Imagine these on a black Skyline :squintdan


----------



## SmigzyGTR (Mar 20, 2006)

:smokin: They are gorgeous!!! Would look awesome on a skyline:smokin: 

Stunning 350 too, love the c/f boot.


----------



## skytoy (Sep 24, 2006)

That looks amazing. I'am think about the ce28n ta wheels but still deciding if i should get wheels or save for brakes.


----------



## Pharoahe (Mar 11, 2006)

SmigzyGTR said:


> :smokin: They are gorgeous!!! Would look awesome on a skyline:smokin:
> 
> Stunning 350 too, love the c/f boot.


There is even more carbon :bowdown1:


----------



## skytoy (Sep 24, 2006)

That is a very sexy 350z. Are they 19's?


----------



## neilo (Nov 17, 2004)

I know what colour my 37's are going to be next, pure awesome.

Neil


----------



## Snowfiend (Jul 11, 2006)

That's awesome


----------



## Pharoahe (Mar 11, 2006)

skytoy said:


> That is a very sexy 350z. Are they 19's?

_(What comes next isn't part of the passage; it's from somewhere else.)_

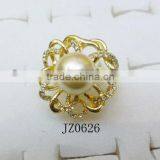 Gold Finger Flower Shape Pearl Ring thumbnail-1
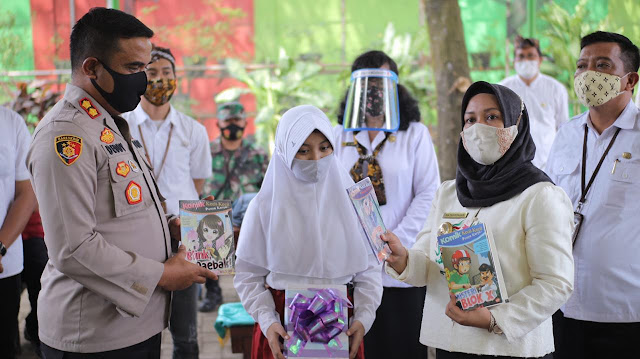 Ning Ita Berikan Paket Data Gratis Bagi Siswa SD dan SMP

Judging by the last picture, it says 19 inch


----------



## Unique A/S (Jan 9, 2005)

that is so'ooooo sexy!!!


----------



## nismo1118 (Dec 7, 2005)

Wow now that is a roof!


----------



## psd1 (May 15, 2004)

I thought we decided yesterday that unpainted CF was Chavistic and soooo last year? :chuckle:  

Tis a bit over the top with the CF to me...especiall the trunk...er Boot!

Love the wheels!


----------



## skytoy (Sep 24, 2006)

> Judging by the last picture, it says 19 inch


doh, so they are cheers


----------



## Pulse D (Mar 26, 2005)

Simply a gorgeous wheel.... not a bad looking 350 either..


----------



## GTR RICH (Oct 30, 2005)

Nice Z :thumbsup:


----------



## Goodfellah (May 9, 2005)

i have planned to buy a set of Time attack rims for my black R34 GTR. They are so nice. But nut quite sure if i want ce28 or TE version. 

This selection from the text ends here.